Windy days keeps the balloons at bay.
Based off a federal investigation into an Aerostat crash in Marfa, TX the balloon can come loose with sustained surface winds as low as 22 knots (25.3 mph).
Part of the $800 million last session was to hire 250 troopers and equip them with vehicles.
The state looks to hire another 250 over the next two years. Right now, every non-public safety department in the state is on a hiring freeze. DPS is allowed to hire additional troopers if funded.
“They’ve kept this pace and tempo up 24/7 for the last two years. And based on your efforts this last session, you’ve given us a way to get out of that,” said McCraw in a recent hearing.
We analyzed that “way to get out.”
It hasn’t happened.
Operation Drawbridge & Rio Grande Valley refuge land map None
As more hires deployed, those temporarily assigned seem to drop. Once DPS hit their 250 new hires, the temporary deployments from around the state also increased.
It leaves places like Central Texas having fewer troopers.
SECURITY THREAT REPORTING
Weeks before a budget hearing, DPS made another push to show their need. A security report was released addressing the security risks in the state.
This is the second DPS security threat assessment in the last five years. The first one came as they pitched their idea for a border surge in 2013.
When we analyzed the references used, we noticed a third are compiled news articles. Some, we found, were taken out of context.
Reference “20” points to an article from LA times. The news organization didn’t talk about smugglers or terrorism. It says the immigrant took a taxi to a U.S. port of entry, asking for asylum. The immigrant said he qualified because he was a Christian in Syria, persecuted for his faith.
“I do applaud DPS for looking at their range of effort,” said Fred Burton of Stratfor.
DPS refused to interview about this report, so we asked Stratfor for help.
Stratfor is an intelligence firm based in Austin. They study threats around the world and understand threats along the U.S./ Mexico border.
They did not have any role in writing this report, but explained the process and why we may not want to completely discredit the information.
“It’s called OS intelligence, open source intelligence,” said Burton.
DPS may know a classified detail, but they need public websites, press releases and public government reports to release the info as open-sourced.
“Let the readers be their own judge,” said Burton.
We asked DPS if any other agency, federal state or local, approved the report prior to release. They refused to answer our question.
We asked Burton if DPS or any intelligence firm had a monetary incentive to paint security worse than reality.
“It gets back to perception is reality,” he said. “I think DPS has done a pretty good job at articulating why they feel certain issues are of heightened concern.”
WHAT WE CONTINUE TO FOLLOW:
-How DPS measures its seizures and efforts
-The DPS arrests of cartel-related activity versus DWI and other driving infractions
-The conviction rate of offenses associated with criminal aliens
DPS refused an interview.
As our investigation was about to air, a spokesman for DPS sent us this email and asked, "We request that you link to our entire response, including the answers, in the web version of your story for fairness, balance and transparency to your listeners/readers."
The response asked for us to note the number of Troopers rotating to the border has decreased since the Dec. 2016 dashboard.

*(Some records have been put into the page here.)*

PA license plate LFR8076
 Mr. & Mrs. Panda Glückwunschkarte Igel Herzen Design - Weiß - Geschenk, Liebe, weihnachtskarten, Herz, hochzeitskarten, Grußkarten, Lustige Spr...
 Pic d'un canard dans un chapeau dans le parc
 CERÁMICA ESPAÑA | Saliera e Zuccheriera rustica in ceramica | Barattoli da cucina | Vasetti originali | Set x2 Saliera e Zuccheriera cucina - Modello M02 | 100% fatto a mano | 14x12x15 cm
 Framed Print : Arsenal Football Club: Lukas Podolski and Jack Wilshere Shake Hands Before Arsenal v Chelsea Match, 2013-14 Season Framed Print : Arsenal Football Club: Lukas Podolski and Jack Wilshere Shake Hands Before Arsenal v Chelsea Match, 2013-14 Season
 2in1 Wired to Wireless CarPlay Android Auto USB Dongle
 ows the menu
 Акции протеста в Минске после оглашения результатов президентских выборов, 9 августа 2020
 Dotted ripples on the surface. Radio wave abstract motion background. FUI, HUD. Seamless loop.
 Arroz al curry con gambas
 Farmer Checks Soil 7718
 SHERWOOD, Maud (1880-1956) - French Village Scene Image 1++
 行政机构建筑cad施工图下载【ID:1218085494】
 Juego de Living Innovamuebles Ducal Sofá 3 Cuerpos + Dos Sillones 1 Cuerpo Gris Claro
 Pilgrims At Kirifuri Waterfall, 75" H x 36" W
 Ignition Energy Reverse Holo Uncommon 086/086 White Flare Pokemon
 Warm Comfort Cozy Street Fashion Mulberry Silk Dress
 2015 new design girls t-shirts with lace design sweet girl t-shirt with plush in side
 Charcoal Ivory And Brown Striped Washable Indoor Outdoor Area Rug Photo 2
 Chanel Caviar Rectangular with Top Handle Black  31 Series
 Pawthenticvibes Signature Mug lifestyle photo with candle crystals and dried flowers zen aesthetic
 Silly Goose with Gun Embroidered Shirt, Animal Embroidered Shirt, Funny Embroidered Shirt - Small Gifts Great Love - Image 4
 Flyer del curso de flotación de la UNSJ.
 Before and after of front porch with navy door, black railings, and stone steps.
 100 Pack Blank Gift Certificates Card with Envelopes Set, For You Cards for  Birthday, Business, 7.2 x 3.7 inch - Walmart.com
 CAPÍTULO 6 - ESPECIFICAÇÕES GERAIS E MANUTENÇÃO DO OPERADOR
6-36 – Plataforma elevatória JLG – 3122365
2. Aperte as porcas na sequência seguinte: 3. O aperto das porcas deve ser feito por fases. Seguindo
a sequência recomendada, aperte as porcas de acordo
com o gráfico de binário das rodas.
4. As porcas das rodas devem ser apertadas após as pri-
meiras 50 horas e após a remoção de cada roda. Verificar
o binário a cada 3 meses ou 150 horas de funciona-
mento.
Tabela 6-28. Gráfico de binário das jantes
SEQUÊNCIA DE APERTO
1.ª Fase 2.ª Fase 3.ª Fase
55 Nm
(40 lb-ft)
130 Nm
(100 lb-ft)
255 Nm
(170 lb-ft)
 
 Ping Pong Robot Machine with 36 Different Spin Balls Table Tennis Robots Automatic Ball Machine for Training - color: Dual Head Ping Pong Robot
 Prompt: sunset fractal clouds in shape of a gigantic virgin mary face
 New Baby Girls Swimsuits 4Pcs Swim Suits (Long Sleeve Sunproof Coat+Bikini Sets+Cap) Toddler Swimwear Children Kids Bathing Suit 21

It didn't. It increased from November to December 2016.
The response claims our premise regarding the placement of Operation Drawbridge cameras is inaccurate, even though we have confirmation from those who own and manage the refuge lands.
Finally, their response regarding the security report does not confirm they had any outside agency approve the information, other than stating they collaborate in the production of the overview.
DPS offered no documents, no data, no proof other than links to their own press releases.
What we’re left with is our own analysis.
Incomplete data, third-party reporting, and misleading information persuade our lawmakers how to spend our tax dollars.
We have to ask: is feeling safer worth our money, even if the reality isn’t proven?